石碑を建てるのでなく、永遠に残る七尾の歌を、
著名人にも作ってもらおうと、森繁久彌に依頼する事になった。

しかし、依頼してもなかなか返事がない。

後に国民栄誉賞を受賞した人だ。
田舎者のどこの誰とも分からない
連中を相手にしたくないのか?

田尻さんは何度も手紙を書き、
4回も上京するが会ってもらえない。
マネージャーのガードは固い。

五回目、ついに会える日が訪れる。
帝国劇場にて上演中の、芝居が終わってから
楽屋での面会が許された。

七尾から上京したメンバーは、その芝居を観劇し、楽屋へ向う。

喉がカラカラになるほど緊張し固まって座って待つメンバー。

30分ほどの面会時間だった。
田尻さんは、熱く、熱く、語った。

能登七尾のこと、海の歌のこと、お願いしたい理由、

うん、うん、と聞いてくれる森繁久彌。

そして、最後に一言、田尻さんは
言わなくてもよい事を言ってしまったのだった。

同行したメンバーに緊張が走る。

森繁先生、今日のお芝居で気付いたことがあります。
一箇所、間違いがあります。

うん? どこだね。

はい、お茶を出す場面ですが、
奥様が家の主人に先に出して、
お客様が後になっていました。

普通はお客様に、先にお出しするものです。

あっ、そうだったな。

理由があった。

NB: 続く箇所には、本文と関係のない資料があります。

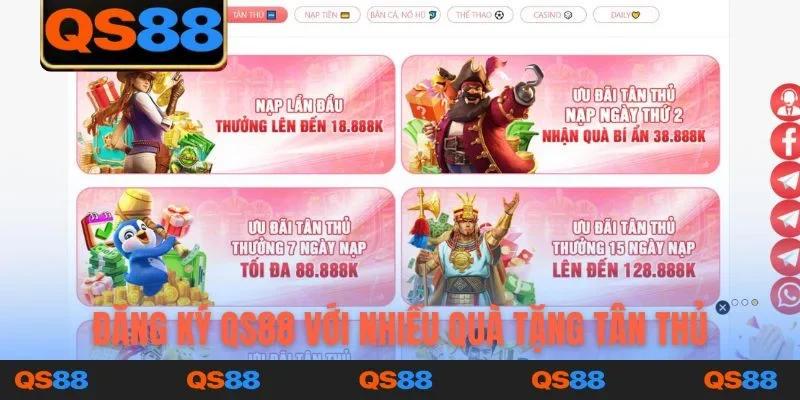 Đăng ký QS88 với nhiều quà tặng tân thủ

主人役が森繁久彌だったため、
競演の女優が、楽屋と同じように、
先に森繁久彌に出してしまったということらしい。

当時、天下の森繁久彌に、ものが言えない人が多い中、
初対面で率直に言った田尻さんを、
森繁久彌は好意的に受け止めてくれた。

そんな縁から、二人はとても親しい間柄になっていく。

森繁久彌が晩年になっても、田尻さんは変わることなく
能登の名物を持っては遊びにいき、
自宅で語らい、時に近くの駒沢公園を二人で散歩したという。

そんな縁が、このお店の名前の由来である。

和倉で生まれ、和倉で育ち、誰よりも和倉を愛している男。
山あり谷ありの人生を歩んできた男。

うどんも美味しいが、和倉の親父さんとして、
どんな働きを見せてくれるのか、
まだまだ田尻正志がおもしろい。